Kitaptaki karakterler, varlıklarını kanıtlama çabası içindeyken, onlara şarkılar, şiirler ve çeşitli nesneler eşlik ediyor. Yazar, okuyucuya, zorluklara rağmen yaşamanın, acı tatlı da olsa, mutlaka bir lezzeti olduğunu hatırlatıyor.

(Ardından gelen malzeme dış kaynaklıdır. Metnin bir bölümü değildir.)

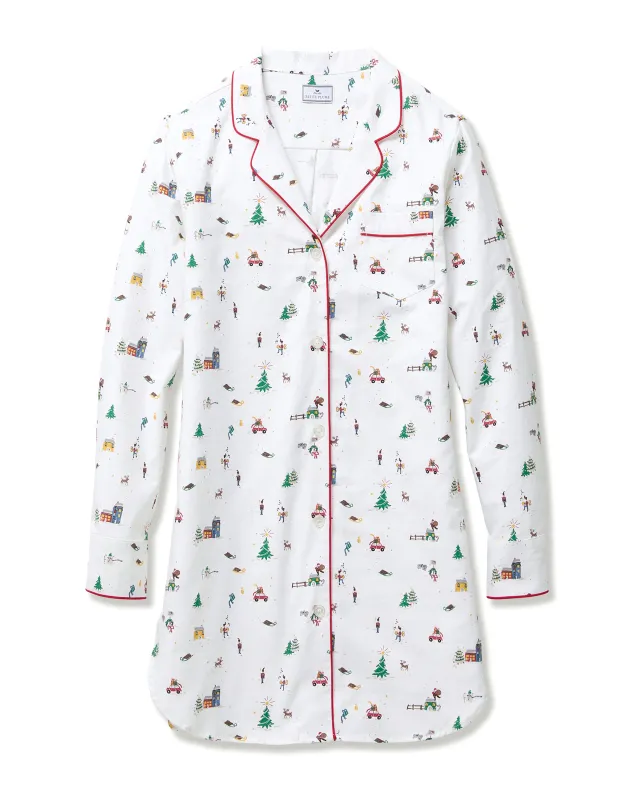 Women's Twill Nightshirt in Holiday Town sold by Petite Plume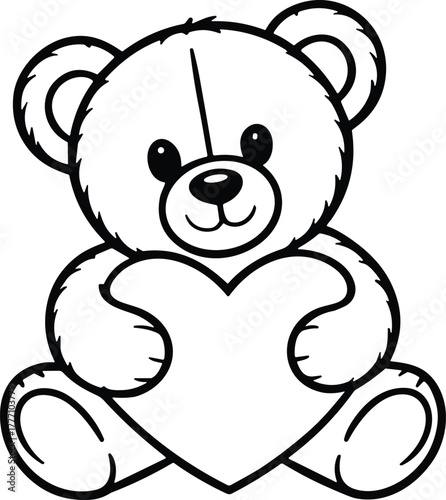Black line art teddy bear holding a heart on white background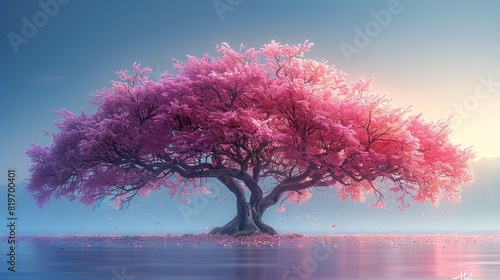   A tree with pink flowers stands tall in the center of a serene body of water  surrounded by a brilliant blue sky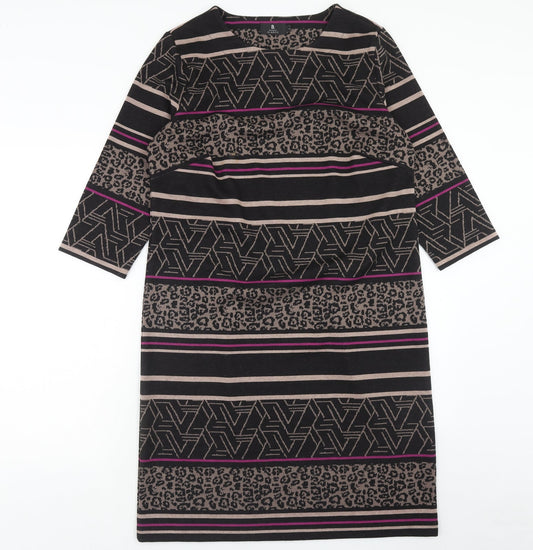 Brandtex Womens Black Geometric Polyester Sheath Size L Round Neck Pullover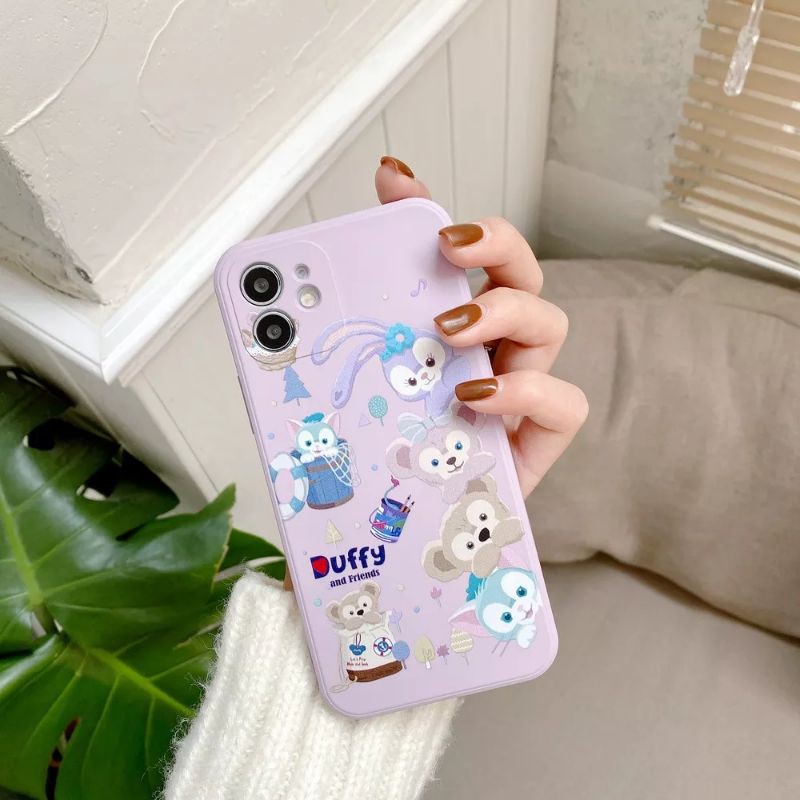 Purple Cute Duffy Silicone Case iPhone 7 8 Plus + X Xs Xr 11 12 Pro Max
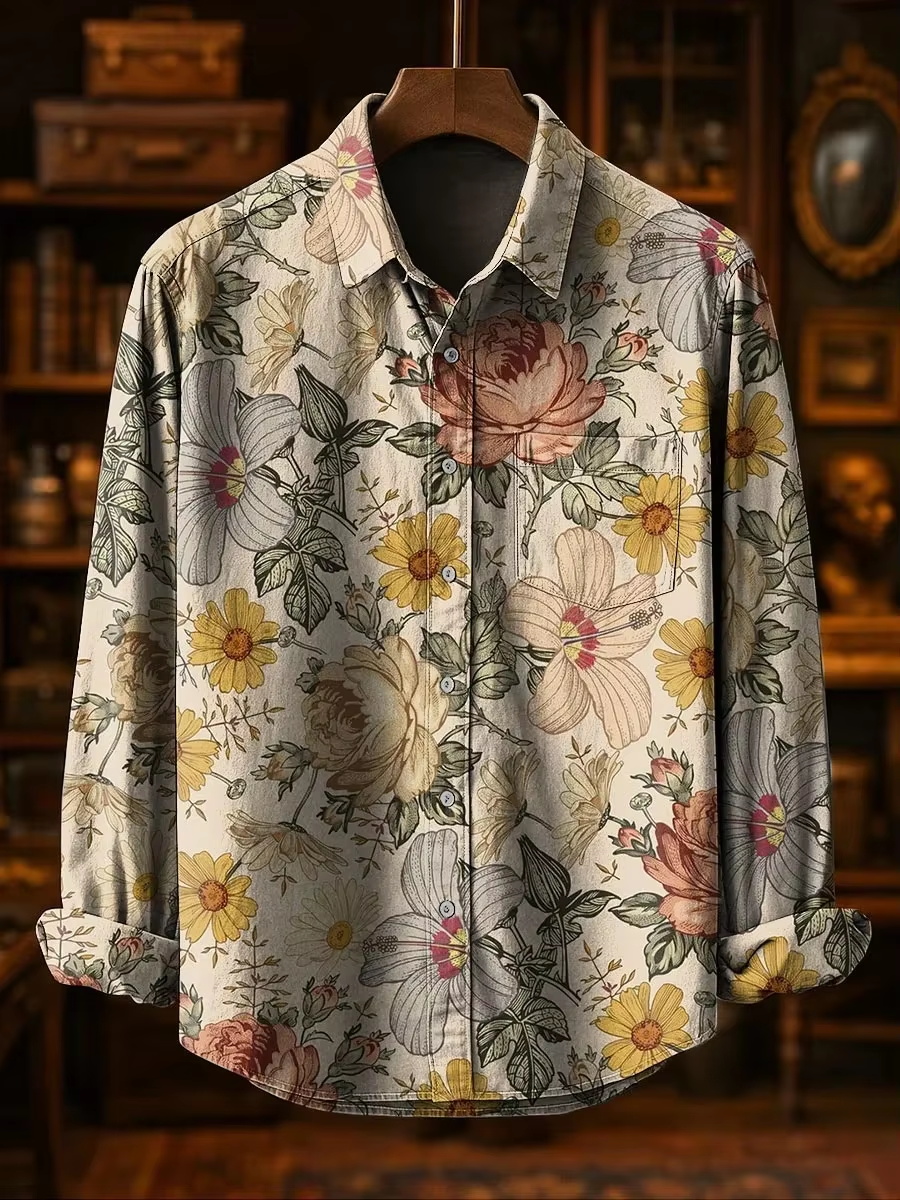 Men's Fashion Casual Fashion P - Mens Linen Shirt Long Sleeve ulasan dan harga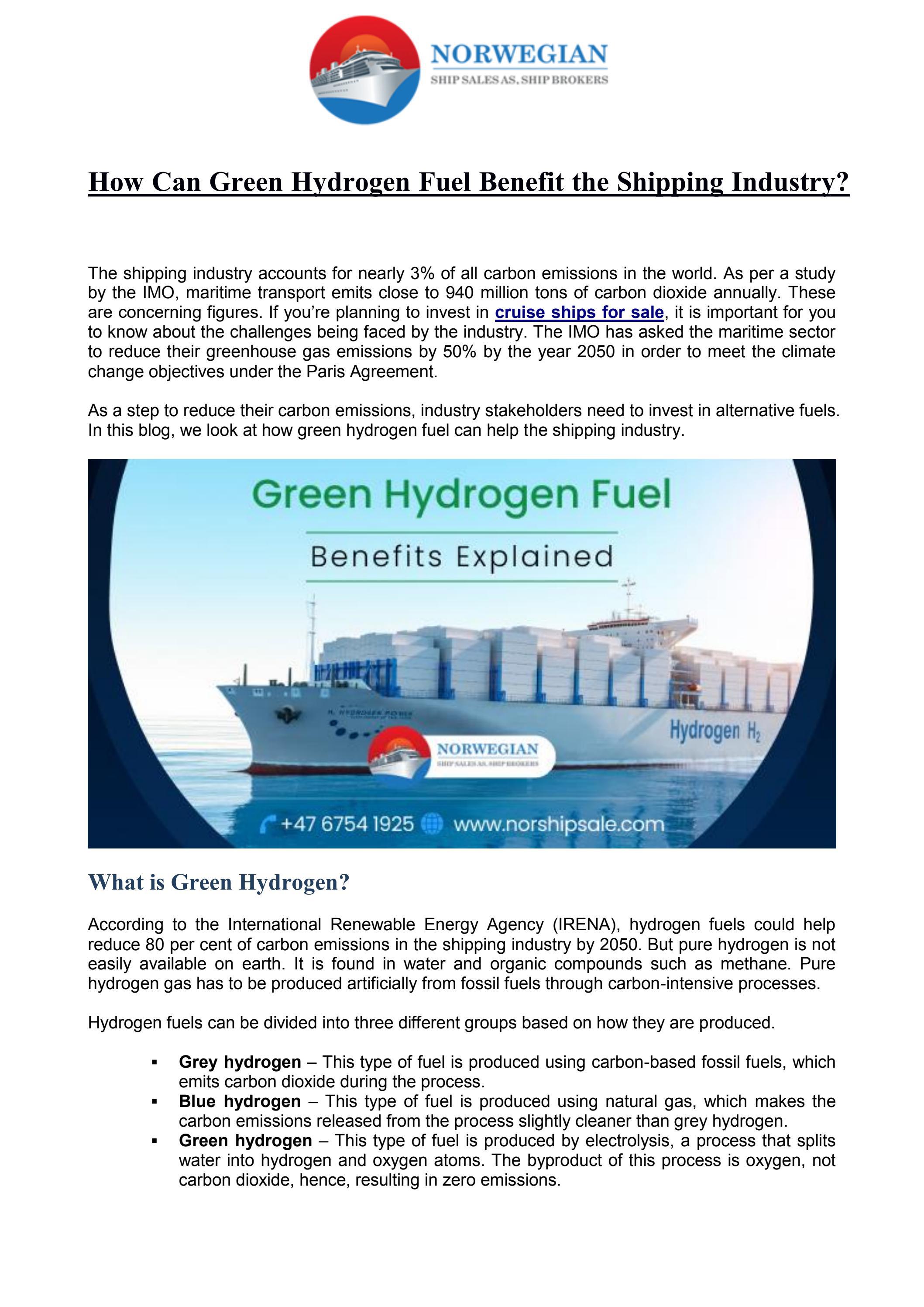 How Can Green Hydrogen Fuel Benefit The Shipping Industry By OVE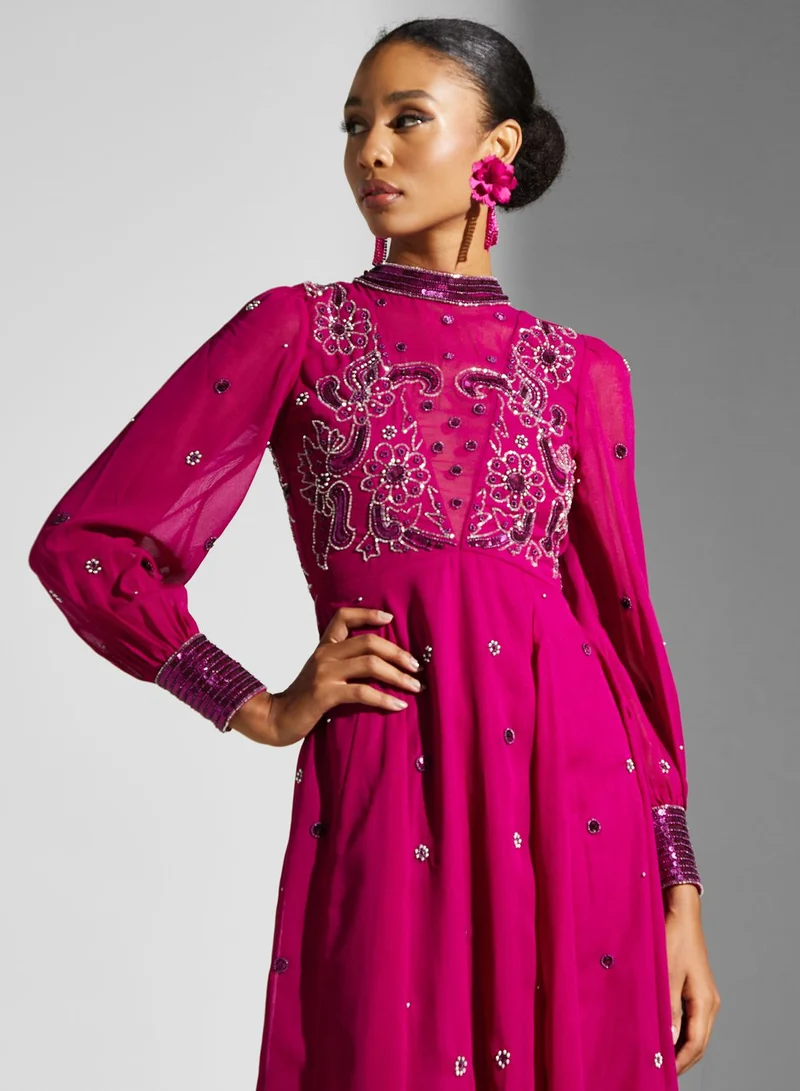 Frock and Frill Puff Sleeve Mesh Detail Dress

Kitaptan bir alıntı, çocukluğa duyulan özlemi ve geçmişe dönüşün mümkün olmamasını derin bir hüzünle ifade ediyor: “Odada tişörtlerin arkasına sakladığım kilitli günlüğümü çıkarır, içine kötü el yazımla o gün olanları ve olmasını istediklerimi yazardım. Açık yeşil bir kapaklı defterin içine ne hayaller, ne ömürler sığdırdım. Ben büyüdükçe defterlerim de büyüdü, koyu yeşil defterler seçer oldum. İnsan çocukluğuna bir otobüse binip de dönemiyor. Döndüğünde eskisi gibi bulamayacağı her şey için hıçkıra hıçkıra ağlıyor. Ölen komşuları, evlenip giden dostları, eski evinde oturan yabancıları göreceğini bildiği için o otobüsün, çocukluğuna değil de kötü bir rüyaya gideceğini biliyor. O yüzden vazgeçiyor.” Bu satırlar, geçmişe duyulan özlemin yanı sıra, değişimin kaçınılmazlığı ve kabullenmenin zorluğu üzerine düşündürüyor.